§ **What is required**:
Starting at the line that contains "每天晚上敲代碼對身體好嗎？——揭秘程序員生活習(xí)慣及對身體影響", quote every line through the end of the entries, word for word, skipping the pictures.

[Collected data entries]
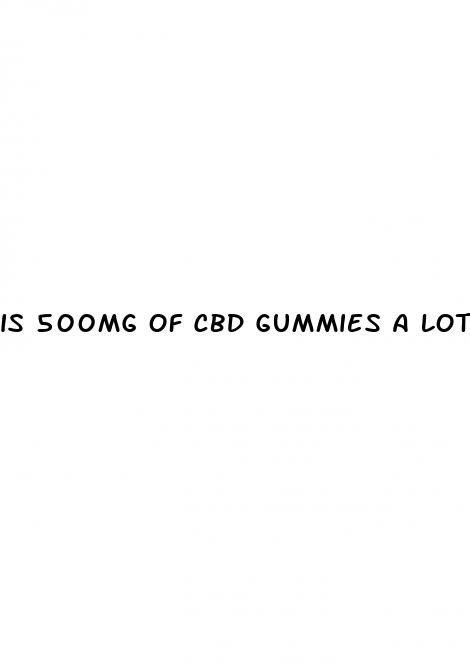 is 500mg of cbd gummies a lot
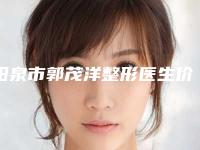 阳泉市郭茂洋整形医生价格(价目)知名医生抢鲜一览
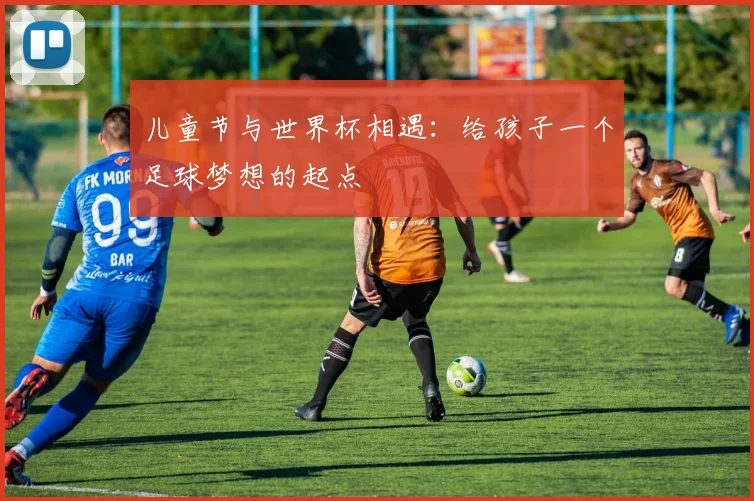儿童节与世界杯相遇:给孩子一个足球梦想的起点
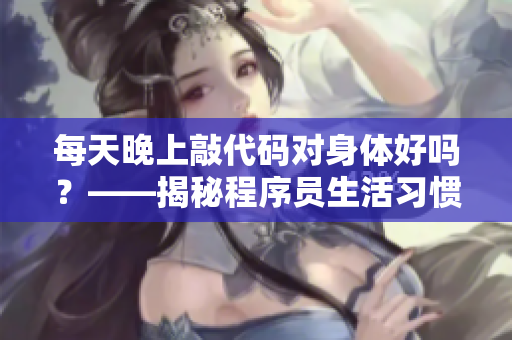 每天晚上敲代碼對身體好嗎？——揭秘程序員生活習(xí)慣及對身體影響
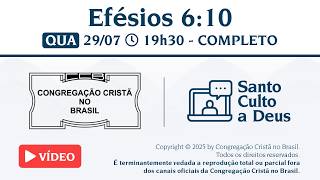 Santo Culto a Deus (Vídeo) – QUA - 29/07/2026 19:30 - Efésios 6:10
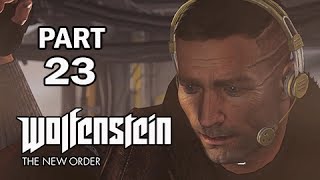 Wolfenstein The New Order Walkthrough Part 23  Gibraltar Bridge PS4 Gameplay Commentary [upl. by Ahsital]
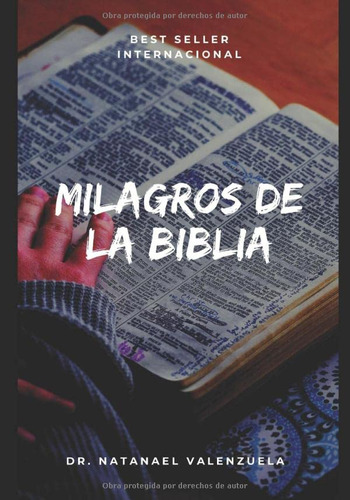 Milagros De La Biblia: Estudio Y Devocional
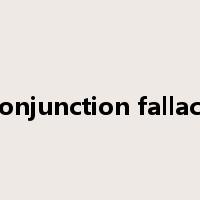 conjunction fallacy是什么意思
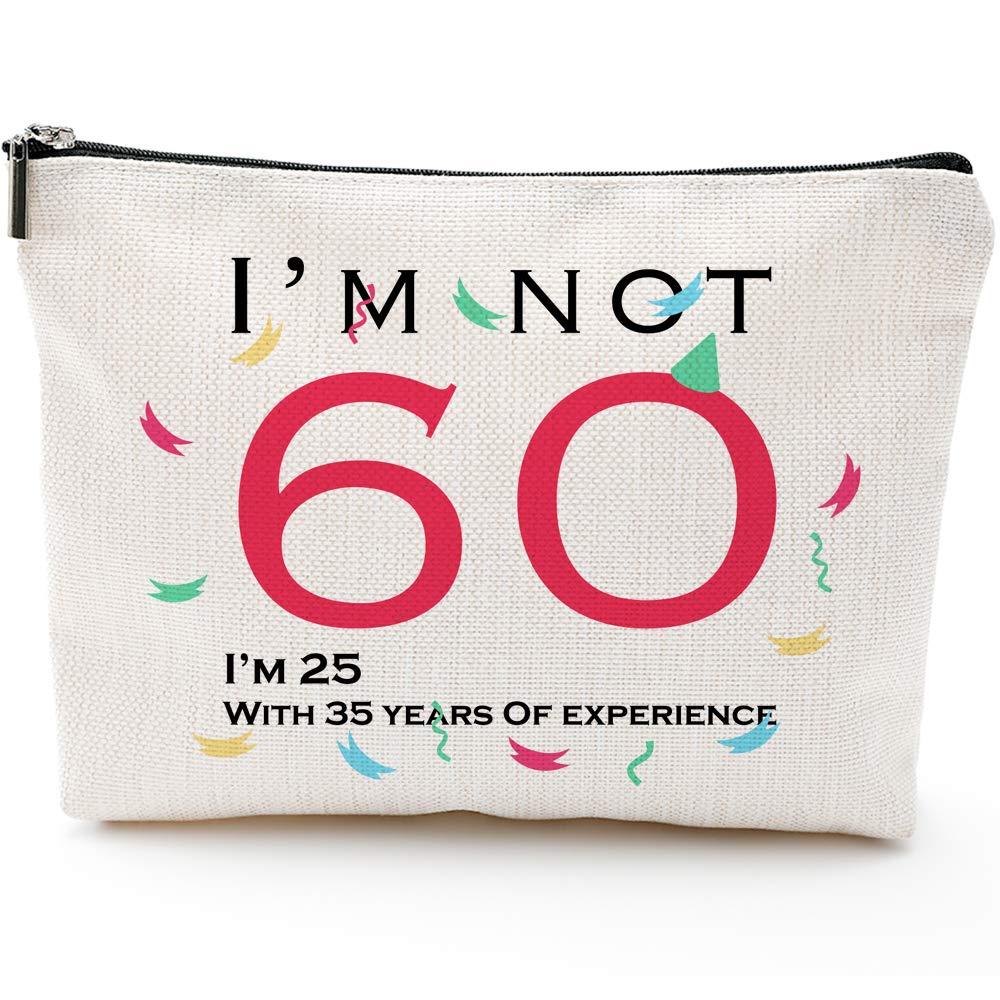 Funny 60th Birthday Gifts for Women - 'I'm Not 60, I'm 25 with 35 Years of Experience' Makeup Travel Case & Cosmetic Bag - Perfect for Travel, Parties & Retirement Celebrations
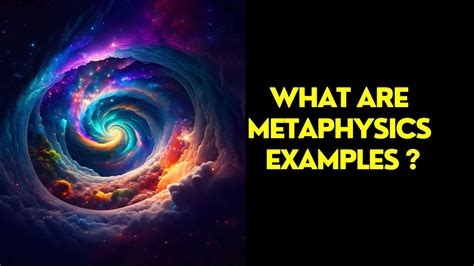 What Are Metaphysics Examples ? - YouTube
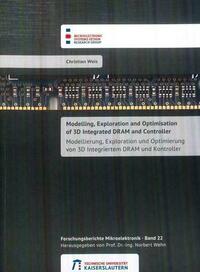Modelling, exploration and optimisation of 3D integrated DRAM and controller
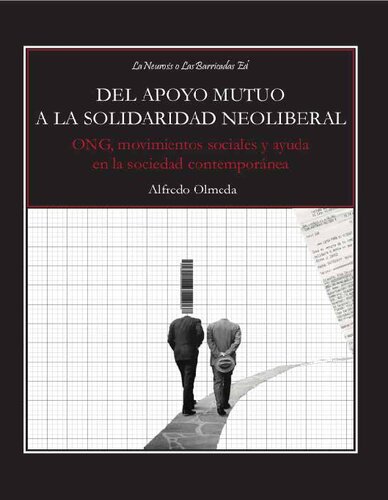 Del apoyo mutuo a la solidaridad neoliberal: ONG, movimientos sociales y ayuda en la sociedad contemporánea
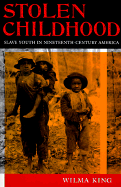 Stolen Childhood: Slave Youth in Nineteenth-Century America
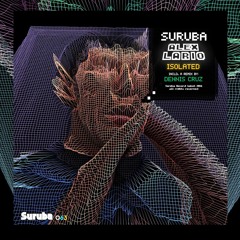 Alex Lario - Isolated (Dennis Cruz Remix)[Suruba]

§ **Solution**:
 每天晚上敲代碼對身體好嗎？——揭秘程序員生活習(xí)慣及對身體影響
 Santo Culto a Deus (Vídeo) – QUA - 29/07/2026 19:30 - Efésios 6:10
 Wolfenstein The New Order Walkthrough Part 23  Gibraltar Bridge PS4 Gameplay Commentary [upl. by Ahsital]
 Milagros De La Biblia: Estudio Y Devocional
 conjunction fallacy是什么意思
 Funny 60th Birthday Gifts for Women - 'I'm Not 60, I'm 25 with 35 Years of Experience' Makeup Travel Case & Cosmetic Bag - Perfect for Travel, Parties & Retirement Celebrations
 What Are Metaphysics Examples ? - YouTube
Modelling, exploration and optimisation of 3D integrated DRAM and controller
 Del apoyo mutuo a la solidaridad neoliberal: ONG, movimientos sociales y ayuda en la sociedad contemporánea
 Stolen Childhood: Slave Youth in Nineteenth-Century America
 Alex Lario - Isolated (Dennis Cruz Remix)[Suruba]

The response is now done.